It is a good objection, if only because it shows again the necessity for a new kind of philosopher. Merely to make such an objection is to reënforce the indictment brought above against the philosopher as he is. But what of the philosopher as he might be?
What might the philosopher be?
Well, first of all, he would be a living man, and not an annotator of the past. He would have grown freely, his initial spark of divine fire unquenched by scholastic inflexibilities of discipline and study. He would have imbibed no sermons, but his splendid curiosity would have found food and encouragement from his teachers. He would have lived in and learned to love the country and the city; he would be at home in the ploughed fields as well as in the centres of learning; he would like the cleansing solitude of the woods and yet too the invigorating bustle of the city streets. He would be brought up on Plato and Thucydides, Leonardo and Michelangelo, Bacon and Montaigne; he would study the civilization of Greece and that of the Renaissance on all sides, joining the history of politics, economics, and institutions with that of science, literature, and philosophy; and yet he would find time to study his own age thoroughly. He would be interested in life, and full of it; he would jump into campaigns, add his influence carefully to movements he thought good, and help make the times live up more nearly to their possibilities. He would not shut himself up forever in laboratories, libraries, and lecture rooms; he would live more widely than that. He would be of the earth earthly, of the world worldly. He would not talk of ideals in the abstract and do nothing for them in the concrete; above all else in the world he would abhor the kind of talk that is a refuge from the venture and responsibility of action. He would not only love wisdom, he would live it.
But we must not make our ideal philosopher too repulsively perfect.

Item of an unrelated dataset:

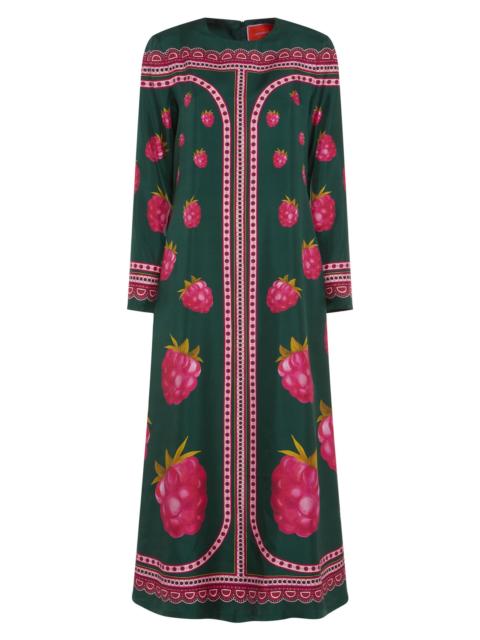 La DoubleJ Women's Long Sleeve Swing Dress - Lamponi Placee Emerald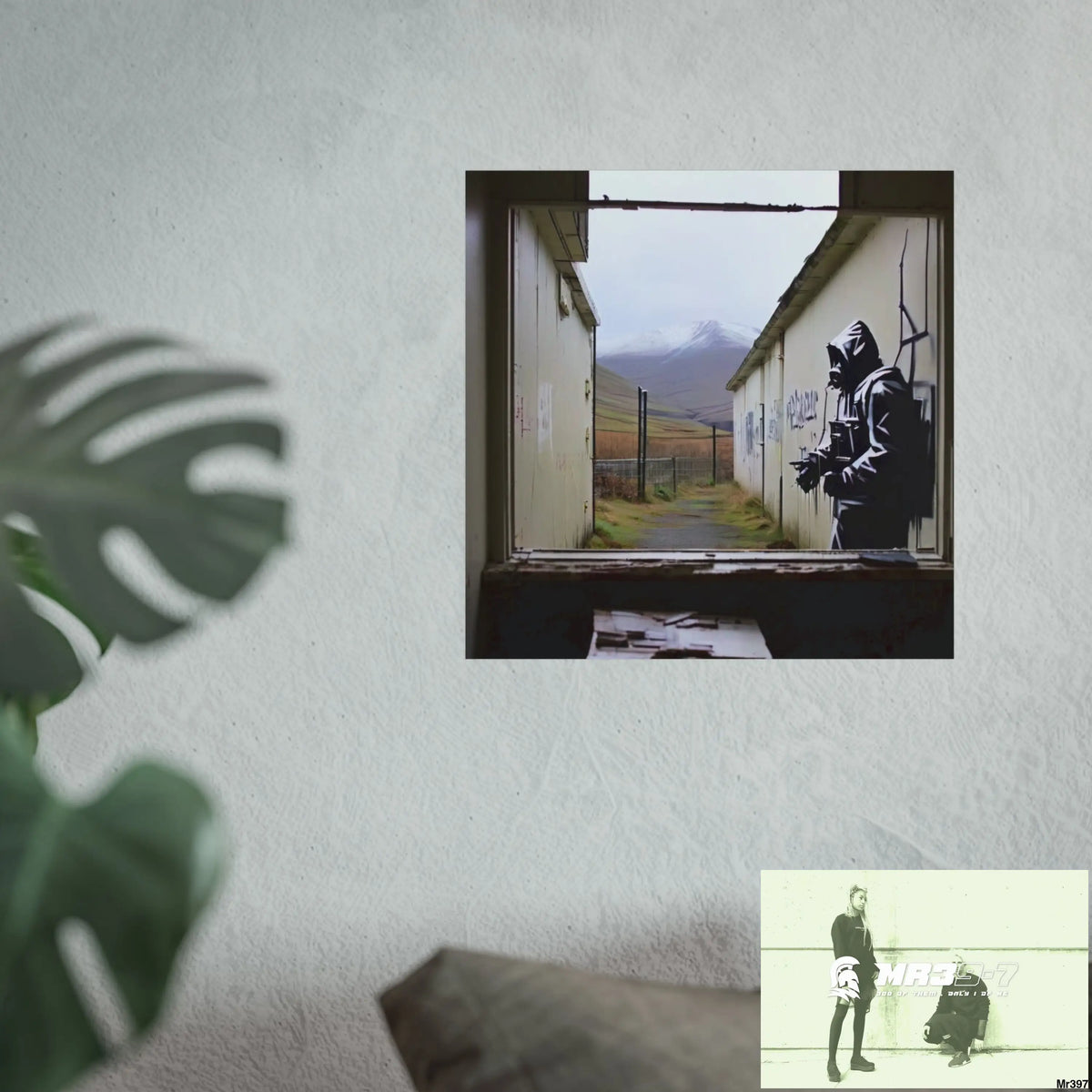 Banksy Style Escape from Hergest Assassination fail Nov -Dec 2013 no 18 Fine Art Posters Poster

Let us agree at least to this, that a man who should know the social disciplines, and not merely one science, would be of help in some such business as we have been proposing; and if we suppose that he has not only knowledge but wisdom, that his acquaintance with the facts of science is matched by his knowledge of life, that through fellowship with genius in Greece and Florence he has acquired a fund of wisdom which needs but the nourishment of living to grow richer from day to day,—then we are on the way to seeing that this is the sort of man our Society would need above all other sorts of men. Such philosophers would be worthy to guide research and direct the enlightenment of the world; such philosophers might be to their generation what Socrates and Plato were to their generations and Francis Bacon to his; such a philosophy, in Nietzsche’s words, might rule!
This is the chance of philosophy. It may linger further in that calm death of social ineffectiveness in which we see it sinking; or it may catch the hands of the few philosophers who insist on focusing thought on life, and so regain the position which it alone is fitted to fill. Unless that position is filled, and properly, all the life of the world is zigzag and fruitless,—what we have called the logic-chopping life; and unless that position is filled philosophy too is logic-chopping, zigzag, and fruitless, and turns away from life men whom life most sorely needs. There are some among us, even some philosophers among us, who are eager to lead the way out of bickering into discussion, out of criticism into construction, out of books into life. We must keep a keen eye for such men, and their beginnings; and we must strengthen them with our little help. Philosophy is too divinely splendid a thing to be kept from the most divine of things,—creation. Some of us love it as the very breath of our lives; it is our vital medium, without which life would be less than vegetation; and we will not rest so long as the name philosopher means anything less aspiring and inspiring than it did with Plato. Science flourishes and philosophy languishes, because science is honest and philosophy sycophantic, because science touches life and helps it, while philosophy shrinks fearfully and helplessly away. If philosophy is to live again, it must rediscover life, it must come back into the cave, it must come down from the “real” and transcendental world and play its venturesome part in the hard and happy world of efforts and events.